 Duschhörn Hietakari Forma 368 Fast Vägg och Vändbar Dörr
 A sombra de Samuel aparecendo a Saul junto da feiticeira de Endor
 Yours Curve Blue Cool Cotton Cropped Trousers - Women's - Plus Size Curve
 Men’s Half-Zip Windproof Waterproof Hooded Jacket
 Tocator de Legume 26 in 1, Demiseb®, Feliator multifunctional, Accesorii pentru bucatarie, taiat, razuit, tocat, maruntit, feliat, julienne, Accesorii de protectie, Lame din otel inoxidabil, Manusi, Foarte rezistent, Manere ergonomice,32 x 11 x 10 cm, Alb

* Assignment *
All lines from the one containing "A sombra de" through the final line of the listing above are to be reproduced exactly; include both and add nothing.

* Reply *
 A sombra de Samuel aparecendo a Saul junto da feiticeira de Endor
 Yours Curve Blue Cool Cotton Cropped Trousers - Women's - Plus Size Curve
 Men’s Half-Zip Windproof Waterproof Hooded Jacket
 Tocator de Legume 26 in 1, Demiseb®, Feliator multifunctional, Accesorii pentru bucatarie, taiat, razuit, tocat, maruntit, feliat, julienne, Accesorii de protectie, Lame din otel inoxidabil, Manusi, Foarte rezistent, Manere ergonomice,32 x 11 x 10 cm, Alb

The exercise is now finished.